A multinacionalidade como vocação de serviço
Essa multiplicidade de cidadanias e lares políticos não é sinal de dispersão, mas de unidade superior. Em Cristo, todas as nações encontram sua plenitude. Aquele que age com retidão nas eleições de Portugal e da Polônia, mesmo morando no Brasil, está ajudando a construir um único corpo político fundamentado no Logos, pois toda autoridade verdadeira deve servir à Verdade (cf. JOÃO PAULO II, 1991).
Ser soldado-cidadão em Cristo implica estar atento às batalhas políticas travadas nos diferentes campos culturais a que temos acesso legítimo.

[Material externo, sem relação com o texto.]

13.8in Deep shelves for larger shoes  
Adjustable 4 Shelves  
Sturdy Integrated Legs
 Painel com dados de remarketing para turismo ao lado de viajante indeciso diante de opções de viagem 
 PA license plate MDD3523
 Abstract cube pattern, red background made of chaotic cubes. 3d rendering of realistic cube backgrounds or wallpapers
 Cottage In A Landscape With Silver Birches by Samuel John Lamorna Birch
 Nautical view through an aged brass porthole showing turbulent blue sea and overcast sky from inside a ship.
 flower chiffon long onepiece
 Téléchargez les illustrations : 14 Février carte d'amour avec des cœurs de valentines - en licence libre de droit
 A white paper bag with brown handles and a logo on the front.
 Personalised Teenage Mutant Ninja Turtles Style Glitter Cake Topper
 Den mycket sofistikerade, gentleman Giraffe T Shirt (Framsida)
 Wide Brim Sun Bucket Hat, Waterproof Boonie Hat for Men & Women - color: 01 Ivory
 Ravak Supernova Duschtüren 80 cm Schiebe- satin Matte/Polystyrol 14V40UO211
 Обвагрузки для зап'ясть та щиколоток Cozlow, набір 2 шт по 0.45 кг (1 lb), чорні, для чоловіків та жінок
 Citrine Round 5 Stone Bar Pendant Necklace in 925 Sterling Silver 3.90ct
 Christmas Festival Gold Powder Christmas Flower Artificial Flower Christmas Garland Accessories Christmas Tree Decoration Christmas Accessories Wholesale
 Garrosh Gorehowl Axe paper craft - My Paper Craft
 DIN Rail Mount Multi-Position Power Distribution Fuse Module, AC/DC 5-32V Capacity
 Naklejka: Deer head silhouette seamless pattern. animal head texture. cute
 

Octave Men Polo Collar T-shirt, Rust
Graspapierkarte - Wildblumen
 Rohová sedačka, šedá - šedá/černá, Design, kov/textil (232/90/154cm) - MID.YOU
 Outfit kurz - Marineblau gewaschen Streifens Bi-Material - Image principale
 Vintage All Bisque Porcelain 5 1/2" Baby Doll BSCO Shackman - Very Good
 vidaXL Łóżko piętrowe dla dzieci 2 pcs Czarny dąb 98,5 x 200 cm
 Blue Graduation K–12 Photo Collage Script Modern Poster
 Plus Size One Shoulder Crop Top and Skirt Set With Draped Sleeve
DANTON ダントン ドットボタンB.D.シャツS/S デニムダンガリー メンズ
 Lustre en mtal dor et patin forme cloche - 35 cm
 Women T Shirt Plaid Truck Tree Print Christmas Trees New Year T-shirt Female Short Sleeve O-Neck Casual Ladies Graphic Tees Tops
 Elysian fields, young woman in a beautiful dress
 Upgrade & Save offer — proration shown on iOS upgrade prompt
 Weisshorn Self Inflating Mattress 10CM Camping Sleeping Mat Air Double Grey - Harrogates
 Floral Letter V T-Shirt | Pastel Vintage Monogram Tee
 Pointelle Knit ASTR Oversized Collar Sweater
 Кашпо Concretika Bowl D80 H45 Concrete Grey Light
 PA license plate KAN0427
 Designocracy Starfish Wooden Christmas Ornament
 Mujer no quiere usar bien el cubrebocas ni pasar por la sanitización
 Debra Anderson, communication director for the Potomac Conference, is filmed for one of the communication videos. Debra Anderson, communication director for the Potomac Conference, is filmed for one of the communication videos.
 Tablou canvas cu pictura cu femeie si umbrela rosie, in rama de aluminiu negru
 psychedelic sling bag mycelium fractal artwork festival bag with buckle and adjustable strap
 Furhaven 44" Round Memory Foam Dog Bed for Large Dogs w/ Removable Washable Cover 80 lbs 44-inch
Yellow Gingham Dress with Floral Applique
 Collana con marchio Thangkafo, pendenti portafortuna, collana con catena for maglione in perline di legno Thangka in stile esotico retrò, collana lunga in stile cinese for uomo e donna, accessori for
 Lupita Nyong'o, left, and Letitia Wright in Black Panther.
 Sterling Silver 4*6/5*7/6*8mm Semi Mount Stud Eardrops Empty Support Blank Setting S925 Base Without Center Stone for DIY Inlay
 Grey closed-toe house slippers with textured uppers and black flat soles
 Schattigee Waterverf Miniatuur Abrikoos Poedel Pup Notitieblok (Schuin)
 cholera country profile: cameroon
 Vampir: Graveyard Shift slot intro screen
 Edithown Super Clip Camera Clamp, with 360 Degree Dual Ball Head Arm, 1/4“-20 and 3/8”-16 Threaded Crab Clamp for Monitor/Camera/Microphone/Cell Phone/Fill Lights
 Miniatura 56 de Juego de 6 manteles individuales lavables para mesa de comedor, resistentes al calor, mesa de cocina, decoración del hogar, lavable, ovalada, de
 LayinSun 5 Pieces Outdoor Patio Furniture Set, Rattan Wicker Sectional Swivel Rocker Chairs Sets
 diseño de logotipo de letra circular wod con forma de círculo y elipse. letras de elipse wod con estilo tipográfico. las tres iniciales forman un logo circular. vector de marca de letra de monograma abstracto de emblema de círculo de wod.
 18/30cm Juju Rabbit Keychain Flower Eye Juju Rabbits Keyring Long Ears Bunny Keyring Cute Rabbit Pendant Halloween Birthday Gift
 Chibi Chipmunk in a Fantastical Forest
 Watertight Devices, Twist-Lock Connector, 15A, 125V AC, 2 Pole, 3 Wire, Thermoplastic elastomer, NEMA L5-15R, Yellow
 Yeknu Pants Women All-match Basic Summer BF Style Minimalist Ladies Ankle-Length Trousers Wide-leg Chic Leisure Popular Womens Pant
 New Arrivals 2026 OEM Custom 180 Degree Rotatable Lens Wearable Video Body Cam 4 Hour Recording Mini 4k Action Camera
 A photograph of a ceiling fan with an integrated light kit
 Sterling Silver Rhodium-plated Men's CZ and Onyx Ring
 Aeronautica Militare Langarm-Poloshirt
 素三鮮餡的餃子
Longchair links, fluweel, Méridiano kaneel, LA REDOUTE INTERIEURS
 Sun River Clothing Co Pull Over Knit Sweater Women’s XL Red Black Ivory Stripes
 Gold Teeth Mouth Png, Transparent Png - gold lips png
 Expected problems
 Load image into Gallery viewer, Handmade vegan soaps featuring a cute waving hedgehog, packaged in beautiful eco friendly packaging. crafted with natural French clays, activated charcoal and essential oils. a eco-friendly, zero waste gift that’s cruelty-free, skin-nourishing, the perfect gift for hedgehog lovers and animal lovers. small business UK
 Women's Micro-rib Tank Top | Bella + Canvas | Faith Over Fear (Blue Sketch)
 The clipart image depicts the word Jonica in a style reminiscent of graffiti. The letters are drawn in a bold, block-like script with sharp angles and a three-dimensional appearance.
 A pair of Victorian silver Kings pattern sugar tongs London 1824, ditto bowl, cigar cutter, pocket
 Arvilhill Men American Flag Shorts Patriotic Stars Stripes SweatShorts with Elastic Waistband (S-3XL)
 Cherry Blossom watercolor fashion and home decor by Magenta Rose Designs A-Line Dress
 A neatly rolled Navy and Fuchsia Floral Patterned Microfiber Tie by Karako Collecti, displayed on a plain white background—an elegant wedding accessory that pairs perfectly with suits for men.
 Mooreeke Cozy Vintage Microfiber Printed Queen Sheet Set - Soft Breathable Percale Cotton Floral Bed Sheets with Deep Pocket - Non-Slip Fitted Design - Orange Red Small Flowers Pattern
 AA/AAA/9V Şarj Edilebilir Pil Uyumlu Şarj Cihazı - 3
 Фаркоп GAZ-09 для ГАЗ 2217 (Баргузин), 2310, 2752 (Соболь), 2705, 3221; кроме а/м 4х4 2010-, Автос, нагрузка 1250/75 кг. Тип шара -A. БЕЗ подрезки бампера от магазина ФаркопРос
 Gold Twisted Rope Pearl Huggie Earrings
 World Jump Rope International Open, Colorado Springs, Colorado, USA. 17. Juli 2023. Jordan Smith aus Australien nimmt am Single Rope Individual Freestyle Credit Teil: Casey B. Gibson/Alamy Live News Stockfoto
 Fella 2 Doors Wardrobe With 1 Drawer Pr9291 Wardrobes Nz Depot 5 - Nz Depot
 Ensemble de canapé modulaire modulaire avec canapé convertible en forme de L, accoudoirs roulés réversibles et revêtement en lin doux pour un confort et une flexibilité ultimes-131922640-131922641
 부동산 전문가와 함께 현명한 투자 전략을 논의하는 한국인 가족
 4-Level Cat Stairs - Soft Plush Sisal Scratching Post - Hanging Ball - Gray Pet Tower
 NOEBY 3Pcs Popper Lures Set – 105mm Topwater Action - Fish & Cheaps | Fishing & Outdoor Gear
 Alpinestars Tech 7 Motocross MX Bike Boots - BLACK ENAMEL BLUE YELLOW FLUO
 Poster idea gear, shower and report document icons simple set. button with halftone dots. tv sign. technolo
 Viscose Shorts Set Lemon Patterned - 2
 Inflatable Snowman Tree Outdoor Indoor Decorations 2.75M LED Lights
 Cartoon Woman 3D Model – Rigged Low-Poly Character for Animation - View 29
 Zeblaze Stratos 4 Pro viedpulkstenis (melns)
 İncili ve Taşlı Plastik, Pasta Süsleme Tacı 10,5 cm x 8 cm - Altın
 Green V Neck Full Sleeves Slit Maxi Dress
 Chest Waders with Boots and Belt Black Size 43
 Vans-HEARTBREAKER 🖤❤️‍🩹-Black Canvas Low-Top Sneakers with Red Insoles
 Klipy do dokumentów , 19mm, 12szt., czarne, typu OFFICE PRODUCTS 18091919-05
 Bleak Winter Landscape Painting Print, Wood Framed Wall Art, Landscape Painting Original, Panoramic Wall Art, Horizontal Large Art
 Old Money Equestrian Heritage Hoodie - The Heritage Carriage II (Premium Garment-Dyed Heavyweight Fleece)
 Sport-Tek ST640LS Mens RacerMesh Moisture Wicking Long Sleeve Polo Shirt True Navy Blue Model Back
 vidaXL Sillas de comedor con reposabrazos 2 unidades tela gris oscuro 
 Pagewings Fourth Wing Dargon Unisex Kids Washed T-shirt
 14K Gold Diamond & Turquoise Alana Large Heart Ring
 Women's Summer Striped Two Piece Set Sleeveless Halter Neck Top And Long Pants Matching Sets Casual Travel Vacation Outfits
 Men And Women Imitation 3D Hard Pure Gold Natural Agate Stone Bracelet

O voto, mesmo enviado por correspondência, é um ato de presença espiritual: é como um sacramental da ordem política, operando pela fidelidade ao bem comum, mesmo à distância.
Conclusão: a fidelidade que ultrapassa fronteiras
Ao tomar múltiplas nações como um mesmo lar em Cristo, o cristão abandona o nacionalismo estéril e abraça a catolicidade da missão política. Através da votação por correspondência, torna-se possível unir o lar físico ao lar espiritual, o tempo cronológico ao kairos da história da salvação. Participar das eleições de outras nações — quando o direito legal coincide com o dever moral — torna-se, assim, uma forma de obediência ao chamado de Cristo: "Ide por todo o mundo" (Mc 16,15).
O envelope que atravessa oceanos carregando um voto pode parecer pequeno, mas nele repousa uma decisão que toca o destino de povos inteiros. Votar, neste contexto, é um gesto de fidelidade à Verdade que liberta — e à missão de amar cada povo com os olhos de Cristo.
Notas de rodapé:
AQUINO, S. Tomás de. Suma Teológica. Trad. de Alexandre Corrêa. Petrópolis: Vozes, 2002.
PORTUGAL. Comissão Nacional de Eleições. Guia do Eleitor Residente no Estrangeiro. Lisboa, 2022. Disponível em: https://www.cne.pt
POLÔNIA. Kodeks wyborczy [Código Eleitoral Polonês]. Varsóvia, 2023. Disponível em: https://www.sejm.gov.pl
JOÃO PAULO II. Centesimus Annus. Vaticano, 1991. Encíclica sobre a doutrina social da Igreja.
Bibliografia:
AQUINO, Tomás de. Suma Teológica. Tradução de Alexandre Corrêa. Petrópolis: Vozes, 2002.
JOÃO PAULO II. Centesimus Annus. Vaticano: Libreria Editrice Vaticana, 1991.